Table 28.5: NYC Rides Dataset. The columns include pickup and dropoff datetime, passenger count, trip distance (in miles), pickup and dropoff location ID, and total amount (the fare in USD). The dataset is in worksheet “NYC Rides” and contains 1,000 rows (the top 10 rows are shown).

	A	B	C	D	E	F	G
1	pickup_datetime	dropoff_datetime	pickup_location_id	passenger_count	trip_distance	dropoff_location_id	total_amount
2	2018-06-21 05:52	2018-06-21 06:00	148	1	1.580000	231	10.560000
3	2018-06-21 06:17	2018-06-21 06:21	140	1	0.530000	262	7.300000
4	2018-06-21 06:26	2018-06-21 06:53	230	1	1.690000	141	20.160000
5	2018-06-21 06:28	2018-06-22 05:57	68	1	1.640000	230	21.960000
6	2018-06-21 06:48	2018-06-21 07:03	236	1	1.660000	161	14.160000
7	2018-06-21 07:38	2018-06-21 07:52	237	2	2.300000	234	14.760000
8	2018-06-21 08:05	2018-06-21 08:11	79	6	1.020000	137	8.300000
9	2018-06-21 08:26	2018-06-22 07:51	230	5	1.720000	90	20.760000
10	2018-06-21 09:04	2018-06-21 09:07	138	3	11.270000	163	61.060000
11	2018-06-21 11:41	2018-06-21 11:48	43	1	1.460000	43	10.560000

You want to analyze the distribution of trip distances using a histogram. This way, you can understand the frequency of different trip distances and identify any patterns in the data. For example, you might want to know how many trips fall within specific distance ranges and whether there are any outliers. To create the histogram, you decide to use the Analysis Toolpak in Excel. The Analysis Toolpak provides a convenient way to generate histograms and other statistical analyses in Excel.

A critical step in creating a histogram is to define the number of bins or intervals into which the data will be divided. This helps to group the data into meaningful categories and visualize the distribution more clearly.

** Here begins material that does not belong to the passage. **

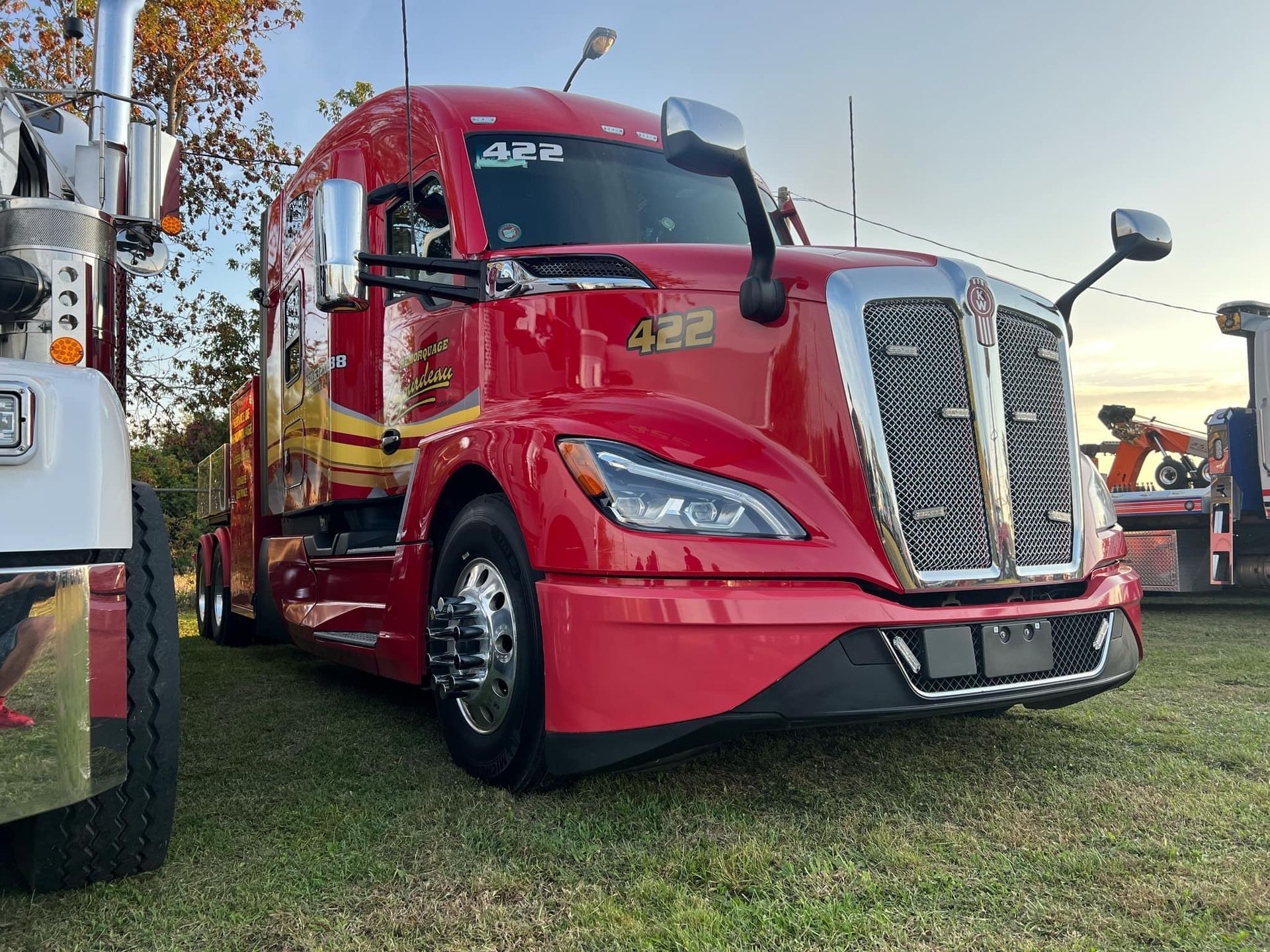 Semi-remorque Kenworth rouge garée sur l'herbe, mettant en valeur sa calandre et ses rétroviseurs. Le décor semble être en extérieur.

In this case, you decide to create a histogram of the column trip_distance with ten bins. This means that the data will be divided into ten equally spaced intervals, and the frequency of trips falling within each interval will be displayed in the histogram. To configure these bins, you create a header “Bins (Upper Bound)” in column “J” (see Table 28.6).

Table 28.6: Bins (Upper Bound) for the Histogram. The upper bounds of the bins are placed in column “J” starting from cell J1.

	J
1	Bins (Upper Bound)
2
3
4
5
6
7
8
9
10
11

What formulas or values should be entered in cells J2. to J11. to define the ten bins for the histogram of the trip_distance column?

Which of the following alternatives best describes the configuration of the bins for the histogram of the trip_distance column in Excel?

Cell J2 : =MIN(E2:E1001) + (MAX(E2:E1001) - MIN(E2:E1001)) / 10 / Cell J3 := J2 + (MAX(E2:E1001) - MIN(E2:E1001)) / 10, and drag down from J3 to J11.
Cell J2 : =MIN(E2:E1001) + MAX(E2:E1001) / 10, Cell J3 := J2 + MAX(E2:E1001) / 10, and drag down from J3 to J11.
Cell J2 : =MIN($E$2:$E$1001) + (MAX($E$2:$E$1001) - MIN($E$2:$E$1001)) / 10 / Cell J3 := J2 + (MAX($E$2:$E$1001) - MIN($E$2:$E$1001)) / 10, and drag down from J3 to J11.
Cell J2 : =MIN($E$2:$E$1001) + MAX($E$2:$E$1001) / 10, Cell $J3 := J2 + MAX($E$2:$E$1001) / 10, and drag down from $J3 to $J11.